[source]

DyRFE

galaxy_ml.feature_selectors.DyRFE(estimator, n_features_to_select=None, step=1, verbose=0)

Mainly used with DyRFECV

Parameters

  • estimator: object
    A supervised learning estimator with a fit method that provides information about feature importance either through a coef_ attribute or through a feature_importances_ attribute.
  • n_features_to_select: int or None (default=None)
    The number of features to select. If None, half of the features are selected.
  • step: int, float or list, optional (default=1)
    If greater than or equal to 1, then step corresponds to the (integer) number of features to remove at each iteration. If within (0.0, 1.0), then step corresponds to the percentage (rounded down) of features to remove at each iteration. If list, a series of steps of features to remove at each iteration. Iterations stops when steps finish
  • verbose: int, (default=0)
    Controls verbosity of output.

[source]

DyRFECV

galaxy_ml.feature_selectors.DyRFECV(estimator, step=1, min_features_to_select=1, cv='warn', scoring=None, verbose=0, n_jobs=None)

Compared with RFECV, DyRFECV offers flexiable step to eleminate features, in the format of list, while RFECV supports only fixed number of step.

Parameters

  • estimator: object
    A supervised learning estimator with a fit method that provides information about feature importance either through a coef_ attribute or through a feature_importances_ attribute.
  • step: int or float, optional (default=1)
    If greater than or equal to 1, then step corresponds to the (integer) number of features to remove at each iteration. If within (0.0, 1.0), then step corresponds to the percentage (rounded down) of features to remove at each iteration. If list, a series of step to remove at each iteration. iteration stopes when finishing all steps Note that the last iteration may remove fewer than step features in order to reach min_features_to_select.
  • min_features_to_select: int, (default=1)
    The minimum number of features to be selected. This number of features will always be scored, even if the difference between the original feature count and min_features_to_select isn't divisible by step.
  • cv: int, cross-validation generator or an iterable, optional
    Determines the cross-validation splitting strategy.

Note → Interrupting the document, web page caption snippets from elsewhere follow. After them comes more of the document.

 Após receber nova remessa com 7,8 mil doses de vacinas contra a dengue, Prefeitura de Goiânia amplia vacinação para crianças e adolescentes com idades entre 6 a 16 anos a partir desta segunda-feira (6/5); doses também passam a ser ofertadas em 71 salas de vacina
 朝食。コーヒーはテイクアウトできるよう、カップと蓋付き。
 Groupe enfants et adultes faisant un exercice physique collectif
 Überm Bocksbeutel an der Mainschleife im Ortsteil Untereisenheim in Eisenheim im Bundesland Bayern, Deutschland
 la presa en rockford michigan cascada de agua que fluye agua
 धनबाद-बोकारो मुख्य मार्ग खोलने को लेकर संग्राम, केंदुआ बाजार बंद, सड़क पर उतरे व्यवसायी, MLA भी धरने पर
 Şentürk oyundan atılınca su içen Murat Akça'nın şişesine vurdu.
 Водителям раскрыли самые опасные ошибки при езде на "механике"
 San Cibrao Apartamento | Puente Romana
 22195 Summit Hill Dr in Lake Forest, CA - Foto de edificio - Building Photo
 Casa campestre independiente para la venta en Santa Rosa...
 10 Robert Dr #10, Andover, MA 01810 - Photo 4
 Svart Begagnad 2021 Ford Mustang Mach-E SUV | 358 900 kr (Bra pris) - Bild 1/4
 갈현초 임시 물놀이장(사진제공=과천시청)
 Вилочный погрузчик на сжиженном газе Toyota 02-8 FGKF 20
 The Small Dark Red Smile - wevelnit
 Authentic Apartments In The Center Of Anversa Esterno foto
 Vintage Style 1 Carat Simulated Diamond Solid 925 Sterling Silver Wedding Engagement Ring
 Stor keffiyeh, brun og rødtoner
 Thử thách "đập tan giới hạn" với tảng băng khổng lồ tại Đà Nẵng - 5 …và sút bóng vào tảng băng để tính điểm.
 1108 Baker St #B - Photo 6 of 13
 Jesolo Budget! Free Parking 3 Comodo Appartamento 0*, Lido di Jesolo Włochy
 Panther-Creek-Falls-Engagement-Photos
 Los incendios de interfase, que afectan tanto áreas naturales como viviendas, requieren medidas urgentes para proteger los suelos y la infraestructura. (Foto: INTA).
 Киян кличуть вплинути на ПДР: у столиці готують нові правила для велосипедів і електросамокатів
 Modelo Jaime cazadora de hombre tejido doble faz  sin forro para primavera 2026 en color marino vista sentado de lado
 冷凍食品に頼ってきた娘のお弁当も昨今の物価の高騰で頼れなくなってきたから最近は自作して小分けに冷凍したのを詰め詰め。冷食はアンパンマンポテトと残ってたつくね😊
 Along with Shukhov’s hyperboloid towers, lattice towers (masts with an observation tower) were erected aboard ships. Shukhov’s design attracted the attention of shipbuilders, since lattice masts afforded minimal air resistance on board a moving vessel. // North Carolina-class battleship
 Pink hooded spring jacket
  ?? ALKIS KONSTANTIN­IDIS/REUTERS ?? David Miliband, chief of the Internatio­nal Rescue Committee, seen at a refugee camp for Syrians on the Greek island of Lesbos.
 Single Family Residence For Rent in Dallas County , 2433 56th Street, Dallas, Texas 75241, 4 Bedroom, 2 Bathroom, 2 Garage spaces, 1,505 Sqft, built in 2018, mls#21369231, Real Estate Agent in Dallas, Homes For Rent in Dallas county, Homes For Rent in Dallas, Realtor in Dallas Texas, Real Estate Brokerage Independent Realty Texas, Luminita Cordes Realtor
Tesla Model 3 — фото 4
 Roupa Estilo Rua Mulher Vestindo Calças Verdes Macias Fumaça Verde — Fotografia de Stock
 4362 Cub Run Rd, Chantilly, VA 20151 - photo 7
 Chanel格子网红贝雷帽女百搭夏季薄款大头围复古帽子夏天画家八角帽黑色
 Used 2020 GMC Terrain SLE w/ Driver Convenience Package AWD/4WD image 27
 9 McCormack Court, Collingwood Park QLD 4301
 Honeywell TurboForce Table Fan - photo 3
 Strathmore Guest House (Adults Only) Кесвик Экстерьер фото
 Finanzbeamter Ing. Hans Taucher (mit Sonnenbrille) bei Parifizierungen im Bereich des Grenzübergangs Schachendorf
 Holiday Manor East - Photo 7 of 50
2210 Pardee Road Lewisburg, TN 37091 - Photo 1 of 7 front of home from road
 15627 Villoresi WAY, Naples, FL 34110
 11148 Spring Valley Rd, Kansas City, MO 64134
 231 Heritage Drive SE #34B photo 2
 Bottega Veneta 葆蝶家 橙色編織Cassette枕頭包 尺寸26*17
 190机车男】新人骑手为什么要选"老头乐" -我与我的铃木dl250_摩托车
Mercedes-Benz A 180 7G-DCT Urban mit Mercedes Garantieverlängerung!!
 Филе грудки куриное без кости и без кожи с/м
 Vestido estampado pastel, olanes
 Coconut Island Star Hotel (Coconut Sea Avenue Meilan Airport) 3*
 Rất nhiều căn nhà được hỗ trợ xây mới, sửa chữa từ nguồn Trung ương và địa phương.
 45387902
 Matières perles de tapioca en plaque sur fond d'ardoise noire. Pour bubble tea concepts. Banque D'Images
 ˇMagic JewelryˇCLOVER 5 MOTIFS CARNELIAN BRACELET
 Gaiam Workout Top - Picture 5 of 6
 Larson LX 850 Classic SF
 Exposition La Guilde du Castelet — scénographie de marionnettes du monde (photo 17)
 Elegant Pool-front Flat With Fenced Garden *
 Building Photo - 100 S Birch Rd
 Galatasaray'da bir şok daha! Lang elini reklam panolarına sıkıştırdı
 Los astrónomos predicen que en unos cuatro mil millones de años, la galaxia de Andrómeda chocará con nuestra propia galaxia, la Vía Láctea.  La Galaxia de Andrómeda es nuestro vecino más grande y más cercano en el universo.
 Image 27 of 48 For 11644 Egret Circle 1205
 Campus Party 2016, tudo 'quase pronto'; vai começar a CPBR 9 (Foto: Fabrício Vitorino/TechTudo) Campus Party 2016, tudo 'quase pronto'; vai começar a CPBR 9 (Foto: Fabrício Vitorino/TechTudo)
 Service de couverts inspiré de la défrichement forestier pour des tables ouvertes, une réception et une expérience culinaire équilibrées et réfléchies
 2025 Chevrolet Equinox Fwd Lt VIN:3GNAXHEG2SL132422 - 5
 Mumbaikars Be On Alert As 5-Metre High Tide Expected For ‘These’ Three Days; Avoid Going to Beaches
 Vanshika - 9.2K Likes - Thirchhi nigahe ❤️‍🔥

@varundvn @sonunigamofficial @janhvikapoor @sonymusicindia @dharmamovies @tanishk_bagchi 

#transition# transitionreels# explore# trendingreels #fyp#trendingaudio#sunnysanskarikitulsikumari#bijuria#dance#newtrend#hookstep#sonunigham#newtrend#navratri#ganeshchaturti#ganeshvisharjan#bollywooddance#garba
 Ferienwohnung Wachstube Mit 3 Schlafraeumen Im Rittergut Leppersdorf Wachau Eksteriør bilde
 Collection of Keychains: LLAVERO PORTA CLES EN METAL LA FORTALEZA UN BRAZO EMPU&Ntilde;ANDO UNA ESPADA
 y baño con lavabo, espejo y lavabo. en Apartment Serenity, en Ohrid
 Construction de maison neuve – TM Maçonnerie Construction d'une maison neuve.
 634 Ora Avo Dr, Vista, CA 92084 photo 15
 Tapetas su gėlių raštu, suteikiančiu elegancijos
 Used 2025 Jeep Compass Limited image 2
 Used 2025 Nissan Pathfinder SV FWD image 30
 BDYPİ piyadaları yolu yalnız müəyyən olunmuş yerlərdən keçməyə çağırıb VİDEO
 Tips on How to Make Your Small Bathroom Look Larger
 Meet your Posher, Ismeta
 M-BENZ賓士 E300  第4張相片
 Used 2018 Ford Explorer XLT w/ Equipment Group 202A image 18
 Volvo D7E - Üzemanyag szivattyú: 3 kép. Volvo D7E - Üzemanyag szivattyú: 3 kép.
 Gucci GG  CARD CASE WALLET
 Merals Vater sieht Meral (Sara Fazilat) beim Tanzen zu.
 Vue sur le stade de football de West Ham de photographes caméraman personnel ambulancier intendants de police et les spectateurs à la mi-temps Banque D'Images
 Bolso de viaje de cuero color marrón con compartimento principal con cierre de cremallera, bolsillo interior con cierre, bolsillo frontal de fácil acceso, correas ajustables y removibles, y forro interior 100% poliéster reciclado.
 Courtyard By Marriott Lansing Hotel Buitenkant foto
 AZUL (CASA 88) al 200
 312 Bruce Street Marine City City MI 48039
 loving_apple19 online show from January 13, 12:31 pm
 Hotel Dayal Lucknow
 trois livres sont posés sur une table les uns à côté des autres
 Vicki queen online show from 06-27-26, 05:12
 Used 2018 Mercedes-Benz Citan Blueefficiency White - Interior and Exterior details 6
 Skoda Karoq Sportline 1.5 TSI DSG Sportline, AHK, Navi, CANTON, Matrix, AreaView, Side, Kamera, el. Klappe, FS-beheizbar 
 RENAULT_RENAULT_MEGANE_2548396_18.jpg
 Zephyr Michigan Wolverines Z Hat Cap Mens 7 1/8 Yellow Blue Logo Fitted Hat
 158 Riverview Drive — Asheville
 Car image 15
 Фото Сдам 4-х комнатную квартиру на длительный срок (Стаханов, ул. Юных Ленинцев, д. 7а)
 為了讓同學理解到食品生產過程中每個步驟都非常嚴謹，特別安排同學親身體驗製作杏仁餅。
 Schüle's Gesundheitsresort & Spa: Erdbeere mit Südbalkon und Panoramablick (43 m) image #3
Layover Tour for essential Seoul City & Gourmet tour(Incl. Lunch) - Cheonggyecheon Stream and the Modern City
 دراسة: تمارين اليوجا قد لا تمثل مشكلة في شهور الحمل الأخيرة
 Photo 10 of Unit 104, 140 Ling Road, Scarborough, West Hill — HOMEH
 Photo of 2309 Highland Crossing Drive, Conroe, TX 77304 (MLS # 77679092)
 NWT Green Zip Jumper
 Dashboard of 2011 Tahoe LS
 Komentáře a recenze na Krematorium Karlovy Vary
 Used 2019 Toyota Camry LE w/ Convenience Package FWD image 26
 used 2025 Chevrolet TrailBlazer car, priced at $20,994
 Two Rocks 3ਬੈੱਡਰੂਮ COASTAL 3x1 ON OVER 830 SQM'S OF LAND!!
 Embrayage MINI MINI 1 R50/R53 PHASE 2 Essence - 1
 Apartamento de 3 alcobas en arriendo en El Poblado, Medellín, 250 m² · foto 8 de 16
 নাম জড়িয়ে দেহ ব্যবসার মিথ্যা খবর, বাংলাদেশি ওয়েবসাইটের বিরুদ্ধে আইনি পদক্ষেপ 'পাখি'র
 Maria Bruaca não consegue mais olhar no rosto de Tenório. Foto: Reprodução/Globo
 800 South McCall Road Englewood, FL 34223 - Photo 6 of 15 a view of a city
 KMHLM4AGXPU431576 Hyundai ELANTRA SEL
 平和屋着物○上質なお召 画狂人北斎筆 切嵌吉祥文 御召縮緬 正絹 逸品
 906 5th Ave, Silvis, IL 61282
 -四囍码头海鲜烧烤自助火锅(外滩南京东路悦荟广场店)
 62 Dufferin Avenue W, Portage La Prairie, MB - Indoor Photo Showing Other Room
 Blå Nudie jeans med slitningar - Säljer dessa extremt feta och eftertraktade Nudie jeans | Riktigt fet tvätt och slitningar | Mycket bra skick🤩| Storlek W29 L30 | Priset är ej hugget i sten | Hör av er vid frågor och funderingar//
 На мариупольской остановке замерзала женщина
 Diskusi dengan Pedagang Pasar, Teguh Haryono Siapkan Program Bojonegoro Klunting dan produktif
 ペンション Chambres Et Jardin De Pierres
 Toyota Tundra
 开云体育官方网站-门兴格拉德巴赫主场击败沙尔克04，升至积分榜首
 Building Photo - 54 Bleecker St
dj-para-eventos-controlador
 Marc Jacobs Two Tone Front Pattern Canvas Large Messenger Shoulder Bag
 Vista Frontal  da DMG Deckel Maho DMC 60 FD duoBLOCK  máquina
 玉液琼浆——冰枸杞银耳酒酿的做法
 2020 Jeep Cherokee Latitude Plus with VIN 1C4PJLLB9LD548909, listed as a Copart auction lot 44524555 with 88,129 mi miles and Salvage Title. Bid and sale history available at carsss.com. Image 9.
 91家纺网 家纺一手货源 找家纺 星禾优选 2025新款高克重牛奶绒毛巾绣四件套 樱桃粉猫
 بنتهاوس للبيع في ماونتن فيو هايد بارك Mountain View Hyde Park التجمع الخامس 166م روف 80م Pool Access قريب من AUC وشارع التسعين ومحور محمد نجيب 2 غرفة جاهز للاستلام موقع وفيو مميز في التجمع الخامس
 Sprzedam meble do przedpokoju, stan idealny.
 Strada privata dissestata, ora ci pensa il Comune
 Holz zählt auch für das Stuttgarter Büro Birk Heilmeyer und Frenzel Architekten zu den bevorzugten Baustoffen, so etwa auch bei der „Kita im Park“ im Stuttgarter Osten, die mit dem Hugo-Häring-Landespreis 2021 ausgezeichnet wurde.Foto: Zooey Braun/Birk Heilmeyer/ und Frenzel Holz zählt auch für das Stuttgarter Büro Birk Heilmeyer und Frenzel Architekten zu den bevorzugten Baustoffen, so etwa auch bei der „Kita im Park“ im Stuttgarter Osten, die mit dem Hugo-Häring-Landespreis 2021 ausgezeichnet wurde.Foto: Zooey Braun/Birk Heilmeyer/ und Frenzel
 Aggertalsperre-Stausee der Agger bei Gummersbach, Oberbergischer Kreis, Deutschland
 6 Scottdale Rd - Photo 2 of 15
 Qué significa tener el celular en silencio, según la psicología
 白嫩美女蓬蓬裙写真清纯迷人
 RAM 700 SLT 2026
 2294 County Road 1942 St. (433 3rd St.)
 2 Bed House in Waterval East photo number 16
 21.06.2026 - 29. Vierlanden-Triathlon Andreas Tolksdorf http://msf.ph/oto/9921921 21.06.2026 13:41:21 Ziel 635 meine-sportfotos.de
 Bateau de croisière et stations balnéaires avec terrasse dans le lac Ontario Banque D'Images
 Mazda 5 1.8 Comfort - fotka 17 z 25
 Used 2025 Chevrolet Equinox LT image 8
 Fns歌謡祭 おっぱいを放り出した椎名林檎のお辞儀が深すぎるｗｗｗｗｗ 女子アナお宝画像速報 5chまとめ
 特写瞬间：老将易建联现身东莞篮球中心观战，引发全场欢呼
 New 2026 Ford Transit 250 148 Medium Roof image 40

Possible inputs for cv are: - None, to use the default 3-fold cross-validation, - integer, to specify the number of folds. - :term:CV splitter, - An iterable yielding (train, test) splits as arrays of indices.

    For integer/None inputs, if ``y`` is binary or multiclass,
    :class:`sklearn.model_selection.StratifiedKFold` is used. If the
    estimator is a classifier or if ``y`` is neither binary nor multiclass,
    :class:`sklearn.model_selection.KFold` is used.
    Refer :ref:`User Guide <cross_validation>` for the various
    cross-validation strategies that can be used here.
    .. versionchanged:: 0.20
        ``cv`` default value of None will change from 3-fold to 5-fold
        in v0.22.
    
  • scoring: string, callable or None, optional, (default=None)
    A string (see model evaluation documentation) or a scorer callable object / function with signature scorer(estimator, X, y).

  • verbose: int, (default=0)
    Controls verbosity of output.
  • n_jobs: int or None, optional (default=None)
    Number of cores to run in parallel while fitting across folds. None means 1 unless in a :obj:joblib.parallel_backend context. -1 means using all processors. See :term:Glossary <n_jobs> for more details.